La Chiesa e il sentiero del silenzio per ascoltare

“Shema Israel” sono le prime parole della liturgia ebraica, che aprono la preghiera più importante, chiamato “il piccolo credo d’Israele” che condensa in sé tutto il credo della fede ebraica, la condizione essenziale dell’ascolto e della rivelazione di Dio. Questo invito rimanda e presuppone l’altro grande elemento: il silenzio.

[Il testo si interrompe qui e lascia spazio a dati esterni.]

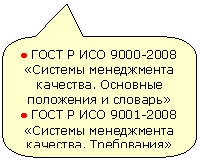 Скругленная прямоугольная выноска: • ГОСТ Р ИСО «Системы менеджмента качества. Основные положения и словарь»
• ГОСТ Р ИСО «Системы менеджмента качества. Требования»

Per incontrare Dio occorre accogliere in sé il silenzio: “dopo la folgore, ci fu una voce di silenzio sottile”(1Re 19,12): è uno dei richiami che nella Bibbia troviamo sull’importanza del silenzio. L’uomo biblico è invitato spesso a rientrare in se stesso, ad entrare nel grembo del silenzio. Il silenzio biblico non è solo un’assenza di rumore intorno, anche se questa è certamente propedeutica, ma implica un cammino interiore per arrivare alla calma e alla pace del cuore, sapendo zittire tutte le voci che si levano dentro, anche quando fuori è silenzio: sono le voci dei sentimenti, delle preoccupazioni, delle ferite, è quella vita caotica e frenetica che attraversiamo ogni giorno e che inevitabilmente intride le fibre del nostro essere, lasciando tracce indelebili che portiamo dentro sotto il segno dell’inquietudine, della pesantezza, della stanchezza. E l’uomo perde se stesso, smarrisce la sua identità più vera e profonda. Non riconosce più se stesso e quindi diventa incapace di riconoscere l’Altro e ogni altro intorno a sé.

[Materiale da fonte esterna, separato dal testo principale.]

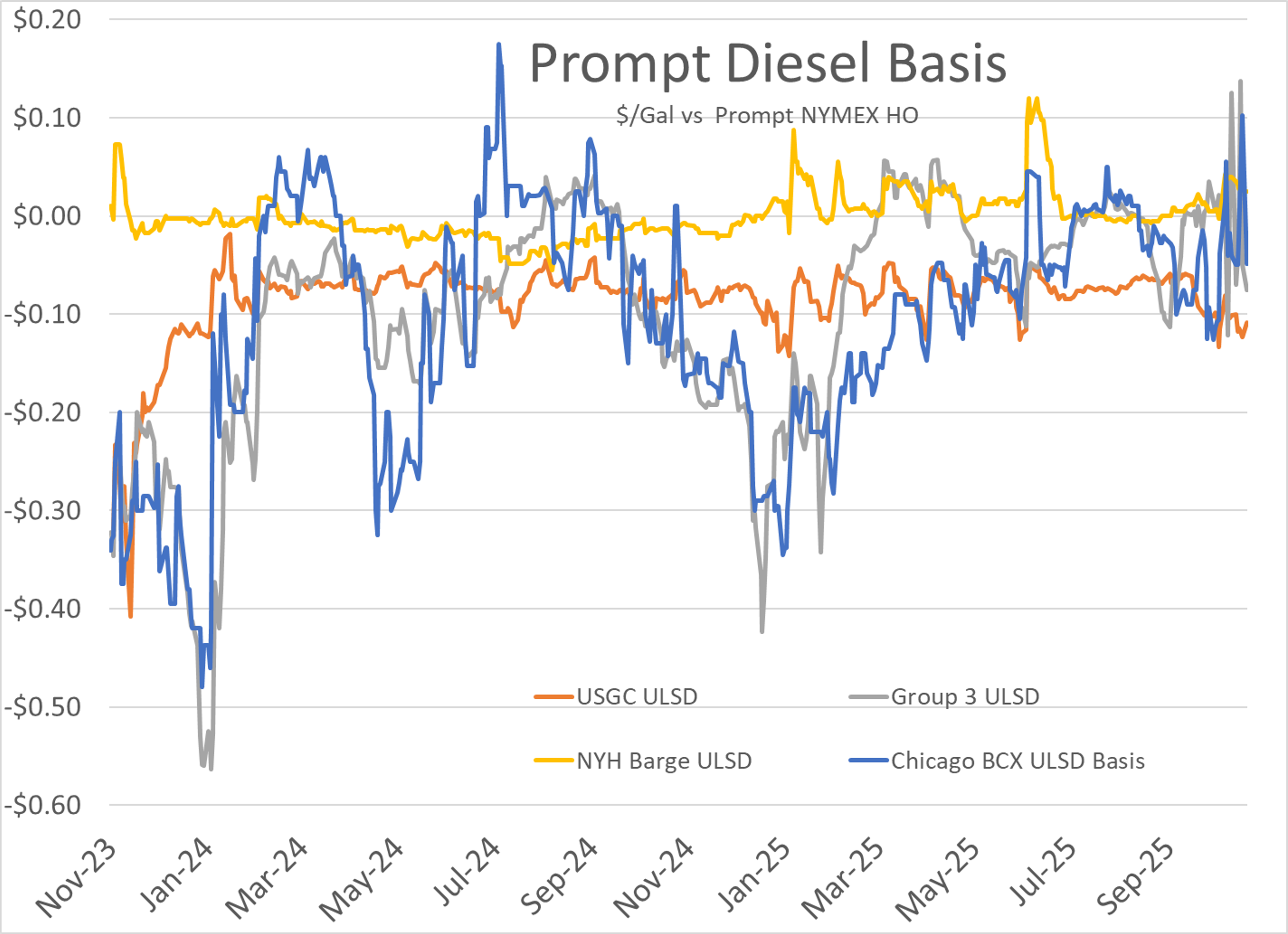 Diesel Prices Continue To Rise With Trading On ULSD At A 5-Month High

È necessario allora riprendere il sentiero del cuore che porta a prendere consapevolezza del momento sorgivo quando: “Dio disse facciamo l’uomo a nostra immagine e somiglianza” (Gen. 1,26), esperienza confermata dal grembo materno abitato dal silenzio entro il quale il bimbo prende forma e abita.

È questo il segreto che l’uomo porta in sé. Il segreto al quale tornare ogni volta che vuole ritrovare se stesso, la sua identità più profonda, liberandosi dalle tante identificazioni del mondo, che sono come maschere che nascondono il suo vero volto. E il vertice del cammino del silenzio è l’incontro con Dio che parla e che richiede il silenzio per ascoltare e accogliere la Parola feconda di vita. Se Dio parla allora è il silenzio accogliente la vera preghiera dell’uomo biblico, una trama preziosa tessuta dei fili della calma, del vuoto di sé, della mansuetudine e della disponibilità.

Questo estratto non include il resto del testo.